In the listing below, print exactly the lines between the line holding "Gluten Free Pumpkin" and the line holding "A pair of light", inclusive, and no more.

BEGIN Input data

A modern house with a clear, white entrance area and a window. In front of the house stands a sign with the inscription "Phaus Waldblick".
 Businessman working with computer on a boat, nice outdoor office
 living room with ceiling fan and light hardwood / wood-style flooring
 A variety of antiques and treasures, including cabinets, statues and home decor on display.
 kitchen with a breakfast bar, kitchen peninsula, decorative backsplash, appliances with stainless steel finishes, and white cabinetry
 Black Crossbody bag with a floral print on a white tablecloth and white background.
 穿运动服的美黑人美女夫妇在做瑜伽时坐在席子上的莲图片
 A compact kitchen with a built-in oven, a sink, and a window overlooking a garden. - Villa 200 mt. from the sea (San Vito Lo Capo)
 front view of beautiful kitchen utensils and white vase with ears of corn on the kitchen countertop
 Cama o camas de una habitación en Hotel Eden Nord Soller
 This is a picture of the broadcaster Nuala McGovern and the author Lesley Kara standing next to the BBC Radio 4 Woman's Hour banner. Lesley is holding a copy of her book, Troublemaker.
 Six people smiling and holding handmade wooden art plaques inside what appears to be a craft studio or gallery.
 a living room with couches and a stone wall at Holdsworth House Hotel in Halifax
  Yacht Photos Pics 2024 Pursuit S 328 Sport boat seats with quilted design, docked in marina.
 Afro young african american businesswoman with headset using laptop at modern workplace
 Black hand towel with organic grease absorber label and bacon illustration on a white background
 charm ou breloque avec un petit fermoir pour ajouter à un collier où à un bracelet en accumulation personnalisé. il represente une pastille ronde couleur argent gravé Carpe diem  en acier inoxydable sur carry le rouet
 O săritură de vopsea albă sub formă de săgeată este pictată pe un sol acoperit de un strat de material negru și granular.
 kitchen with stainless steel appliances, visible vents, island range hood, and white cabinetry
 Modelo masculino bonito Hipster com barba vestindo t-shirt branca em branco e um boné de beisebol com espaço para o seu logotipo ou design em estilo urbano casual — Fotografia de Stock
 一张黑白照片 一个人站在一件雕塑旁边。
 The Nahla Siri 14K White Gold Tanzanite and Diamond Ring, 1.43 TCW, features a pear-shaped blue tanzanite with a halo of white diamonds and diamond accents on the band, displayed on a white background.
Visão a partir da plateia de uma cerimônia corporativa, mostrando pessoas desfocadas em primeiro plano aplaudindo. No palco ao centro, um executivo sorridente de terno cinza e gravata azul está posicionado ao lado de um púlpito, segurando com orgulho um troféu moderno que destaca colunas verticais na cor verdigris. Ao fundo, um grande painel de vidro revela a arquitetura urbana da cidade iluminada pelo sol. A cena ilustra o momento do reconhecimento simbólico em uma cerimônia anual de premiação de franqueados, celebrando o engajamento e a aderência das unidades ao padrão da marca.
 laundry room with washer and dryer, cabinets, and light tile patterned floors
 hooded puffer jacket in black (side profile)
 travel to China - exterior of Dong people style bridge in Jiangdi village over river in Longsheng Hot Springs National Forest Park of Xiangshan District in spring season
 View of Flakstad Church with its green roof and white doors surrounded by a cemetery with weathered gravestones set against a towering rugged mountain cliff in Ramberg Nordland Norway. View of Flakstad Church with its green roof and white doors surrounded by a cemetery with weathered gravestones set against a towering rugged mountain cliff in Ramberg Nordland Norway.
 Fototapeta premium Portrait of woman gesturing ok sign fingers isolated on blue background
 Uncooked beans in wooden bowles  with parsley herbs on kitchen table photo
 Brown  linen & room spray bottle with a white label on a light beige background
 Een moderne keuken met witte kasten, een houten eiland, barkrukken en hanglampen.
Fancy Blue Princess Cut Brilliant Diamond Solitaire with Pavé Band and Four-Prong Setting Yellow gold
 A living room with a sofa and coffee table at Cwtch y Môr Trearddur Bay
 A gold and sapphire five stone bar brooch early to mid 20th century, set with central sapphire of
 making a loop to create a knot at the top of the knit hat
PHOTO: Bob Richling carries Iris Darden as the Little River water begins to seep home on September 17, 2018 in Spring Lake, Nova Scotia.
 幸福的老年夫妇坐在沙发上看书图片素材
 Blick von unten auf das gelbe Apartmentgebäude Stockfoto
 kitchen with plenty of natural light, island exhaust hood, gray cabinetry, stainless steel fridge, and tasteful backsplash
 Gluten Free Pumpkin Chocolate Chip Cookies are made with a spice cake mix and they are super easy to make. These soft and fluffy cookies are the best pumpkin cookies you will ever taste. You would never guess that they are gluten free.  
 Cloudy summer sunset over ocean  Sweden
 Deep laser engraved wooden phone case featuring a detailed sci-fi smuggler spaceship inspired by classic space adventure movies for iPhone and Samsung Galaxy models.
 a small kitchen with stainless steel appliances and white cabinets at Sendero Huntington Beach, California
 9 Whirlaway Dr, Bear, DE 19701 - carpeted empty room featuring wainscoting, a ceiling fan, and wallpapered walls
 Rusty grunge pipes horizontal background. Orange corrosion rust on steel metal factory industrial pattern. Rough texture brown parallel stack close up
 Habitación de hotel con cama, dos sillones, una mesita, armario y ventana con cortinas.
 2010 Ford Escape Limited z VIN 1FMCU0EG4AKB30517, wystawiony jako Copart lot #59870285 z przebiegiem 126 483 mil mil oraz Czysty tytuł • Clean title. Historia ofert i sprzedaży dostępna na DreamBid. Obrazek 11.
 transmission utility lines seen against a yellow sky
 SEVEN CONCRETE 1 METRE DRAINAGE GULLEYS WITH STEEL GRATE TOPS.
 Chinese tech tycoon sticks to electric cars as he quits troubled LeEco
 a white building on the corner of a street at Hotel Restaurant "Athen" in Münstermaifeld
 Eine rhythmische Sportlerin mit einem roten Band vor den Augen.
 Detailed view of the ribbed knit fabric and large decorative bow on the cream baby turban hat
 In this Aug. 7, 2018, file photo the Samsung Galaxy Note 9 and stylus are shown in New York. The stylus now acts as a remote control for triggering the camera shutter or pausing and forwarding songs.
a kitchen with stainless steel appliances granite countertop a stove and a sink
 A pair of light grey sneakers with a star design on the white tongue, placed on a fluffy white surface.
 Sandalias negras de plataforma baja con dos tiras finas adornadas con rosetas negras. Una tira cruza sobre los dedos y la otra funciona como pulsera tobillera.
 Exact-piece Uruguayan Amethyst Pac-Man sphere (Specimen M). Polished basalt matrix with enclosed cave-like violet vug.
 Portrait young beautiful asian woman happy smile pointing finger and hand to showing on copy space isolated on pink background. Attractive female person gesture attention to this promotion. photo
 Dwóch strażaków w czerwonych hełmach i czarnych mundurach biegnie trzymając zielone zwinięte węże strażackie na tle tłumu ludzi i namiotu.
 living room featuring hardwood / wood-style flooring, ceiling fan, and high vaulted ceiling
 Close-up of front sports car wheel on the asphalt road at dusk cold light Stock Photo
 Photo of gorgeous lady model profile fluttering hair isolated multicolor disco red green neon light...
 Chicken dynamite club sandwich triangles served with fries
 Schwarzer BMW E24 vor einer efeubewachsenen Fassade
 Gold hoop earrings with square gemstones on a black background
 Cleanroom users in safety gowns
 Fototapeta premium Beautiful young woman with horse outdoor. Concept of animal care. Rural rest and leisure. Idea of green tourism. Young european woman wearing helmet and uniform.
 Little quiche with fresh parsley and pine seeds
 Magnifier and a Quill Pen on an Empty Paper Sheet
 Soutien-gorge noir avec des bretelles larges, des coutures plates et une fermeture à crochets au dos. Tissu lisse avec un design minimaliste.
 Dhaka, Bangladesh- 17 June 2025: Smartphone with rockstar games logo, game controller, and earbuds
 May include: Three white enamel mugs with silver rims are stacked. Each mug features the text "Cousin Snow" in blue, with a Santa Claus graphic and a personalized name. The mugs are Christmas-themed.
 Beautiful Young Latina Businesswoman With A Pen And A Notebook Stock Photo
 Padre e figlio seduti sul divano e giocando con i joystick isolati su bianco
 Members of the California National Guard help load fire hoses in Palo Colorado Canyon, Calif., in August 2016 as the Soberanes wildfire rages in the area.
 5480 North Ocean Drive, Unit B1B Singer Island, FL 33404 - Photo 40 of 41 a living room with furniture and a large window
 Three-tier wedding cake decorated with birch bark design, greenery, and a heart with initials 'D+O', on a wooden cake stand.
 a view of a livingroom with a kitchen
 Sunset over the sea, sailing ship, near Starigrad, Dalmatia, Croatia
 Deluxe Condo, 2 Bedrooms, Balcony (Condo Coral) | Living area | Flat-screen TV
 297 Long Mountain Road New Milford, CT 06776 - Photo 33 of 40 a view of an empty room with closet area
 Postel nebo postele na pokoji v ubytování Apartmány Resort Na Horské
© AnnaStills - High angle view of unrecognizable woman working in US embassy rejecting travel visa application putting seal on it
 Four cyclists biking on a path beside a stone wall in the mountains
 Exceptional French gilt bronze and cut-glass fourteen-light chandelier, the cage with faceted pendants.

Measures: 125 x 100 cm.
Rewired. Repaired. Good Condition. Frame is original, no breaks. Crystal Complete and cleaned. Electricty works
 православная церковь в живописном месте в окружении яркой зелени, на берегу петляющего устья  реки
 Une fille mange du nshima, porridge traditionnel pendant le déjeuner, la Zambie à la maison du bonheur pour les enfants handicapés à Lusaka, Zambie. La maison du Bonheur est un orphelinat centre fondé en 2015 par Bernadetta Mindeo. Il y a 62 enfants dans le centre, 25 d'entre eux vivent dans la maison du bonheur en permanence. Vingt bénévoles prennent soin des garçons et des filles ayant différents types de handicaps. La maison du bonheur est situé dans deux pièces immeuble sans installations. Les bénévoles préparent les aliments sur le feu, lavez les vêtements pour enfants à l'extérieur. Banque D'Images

END Input data

-- Written reply --
 Gluten Free Pumpkin Chocolate Chip Cookies are made with a spice cake mix and they are super easy to make. These soft and fluffy cookies are the best pumpkin cookies you will ever taste. You would never guess that they are gluten free.  
 Cloudy summer sunset over ocean  Sweden
 Deep laser engraved wooden phone case featuring a detailed sci-fi smuggler spaceship inspired by classic space adventure movies for iPhone and Samsung Galaxy models.
 a small kitchen with stainless steel appliances and white cabinets at Sendero Huntington Beach, California
 9 Whirlaway Dr, Bear, DE 19701 - carpeted empty room featuring wainscoting, a ceiling fan, and wallpapered walls
 Rusty grunge pipes horizontal background. Orange corrosion rust on steel metal factory industrial pattern. Rough texture brown parallel stack close up
 Habitación de hotel con cama, dos sillones, una mesita, armario y ventana con cortinas.
 2010 Ford Escape Limited z VIN 1FMCU0EG4AKB30517, wystawiony jako Copart lot #59870285 z przebiegiem 126 483 mil mil oraz Czysty tytuł • Clean title. Historia ofert i sprzedaży dostępna na DreamBid. Obrazek 11.
 transmission utility lines seen against a yellow sky
 SEVEN CONCRETE 1 METRE DRAINAGE GULLEYS WITH STEEL GRATE TOPS.
 Chinese tech tycoon sticks to electric cars as he quits troubled LeEco
 a white building on the corner of a street at Hotel Restaurant "Athen" in Münstermaifeld
 Eine rhythmische Sportlerin mit einem roten Band vor den Augen.
 Detailed view of the ribbed knit fabric and large decorative bow on the cream baby turban hat
 In this Aug. 7, 2018, file photo the Samsung Galaxy Note 9 and stylus are shown in New York. The stylus now acts as a remote control for triggering the camera shutter or pausing and forwarding songs.
a kitchen with stainless steel appliances granite countertop a stove and a sink
 A pair of light grey sneakers with a star design on the white tongue, placed on a fluffy white surface.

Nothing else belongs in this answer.